シーメンスPLMソフトウェアは2017年9月6日(米国時間)、米国ボストンで開催中のプレス・アナリスト向けイベント「Siemens Industry Analyst Conference」において、同社の3D CADツール「NX」で設計したデータを変換することなく、HPの産業用3Dプリンタ「HP Multi Jet Fusion」で直接出力するためのソフトウェアモジュール「NX AM for HP Multi Jet Fusion」を開発したと発表した。
シーメンスグループは、製品の設計や生産プロセスにおける「デジタルツイン」を実現していく上で、3Dプリンタとしても知られている積層造形(AM:Additive Manufacturing)技術の開発やエコシステムの構築に注力している。従来のFDM(熱溶解積層)方式やSLS(粉末焼結造形)方式と比べて“10倍速い”とする「Multi Jet Fusion」を展開するHPは、シーメンスグループのAM技術のパートナーとして協調関係にある(関連記事:シーメンスが注力する積層造形ソリューション、「パートナーとの協力を重視」)。
NXは、3Dプリンタによる直接出力を可能にするソフトウェアモジュール「NX AM」を直近12カ月で8種類展開しているが、NX AM for HP Multi Jet Fusionはその最新版となる。これによりサードパーティーソフトなどを用いたデータ変換作業が不要になる他、さまざまな部品を入れ子にして一度に3Dプリントする「3Dネスティング」の自動化も可能になる。将来的には、ボクセル(Voxel)単位で材料特性を変更していく複雑な3Dプリントへの対応も視野に入れている。

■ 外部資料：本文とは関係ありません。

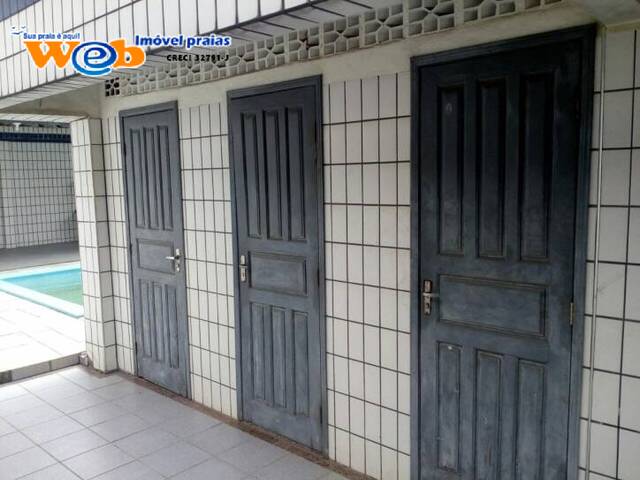 Apartamento para Venda em Praia Grande - 4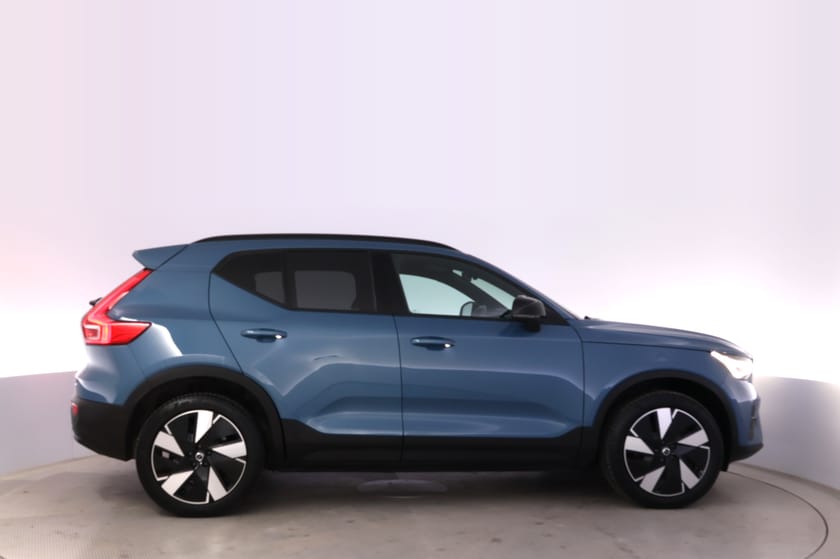 Bild 5 av Volvo EX40 Single Motor Extended Range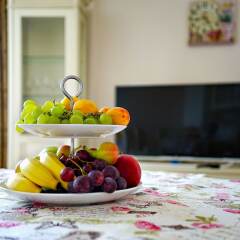 Отель Villa Florence в номере фото 2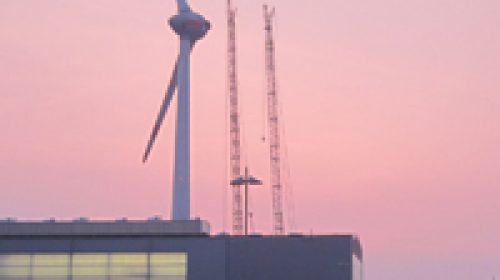 „Ich will schließlich auch ein Stück vom Kuchen!“ Gespräche mit Enercon-Kollegen vor Ort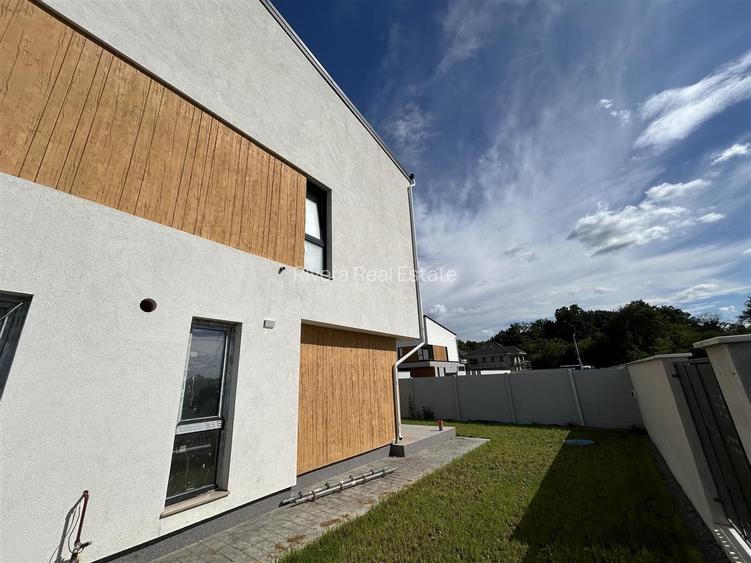 VILA INDIVIDUALA | TUNARI | MUTARE IMEDIATA - 8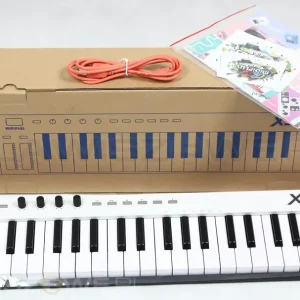 MIDIPLUS- X3 MINI - Klawiatura sterująca Okazja
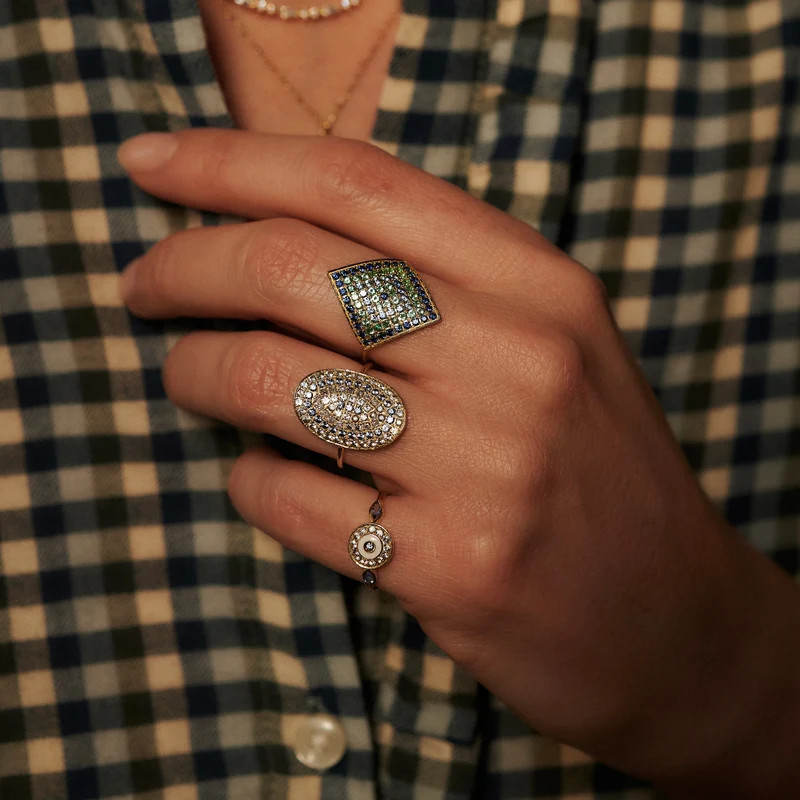 Ani Ring 1–Moon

同イベントにおける同年9月7日の講演には、シーメンスPLMソフトウェアのAM技術担当者とともに、HPのglobal head of 3D Printing Commercial Expansion and Developmentのミシェル・ボックマン(Michelle Bockman)氏が登壇した。ボックマン氏は「AM技術を生産に適用していく上で、3D CADからのデータ変換作業は課題になっていた。これを自動化するNX AM for HP Multi Jet Fusionは極めて有用だ」と語る。
また、3Dネスティングの機能向上についても言及し「従来は、ある80個の部品セットを2層重ねて3Dプリントしていたが、現在は3層重ねて3Dプリントできるようになった。これにより生産性が25%向上し、部品1個当たりの生産コストも16%削減できている」(同氏)という。
また、開発を進めているボクセル単位での3Dプリントの応用として、カラー出力部分を摩耗検知に用いる事例を挙げた。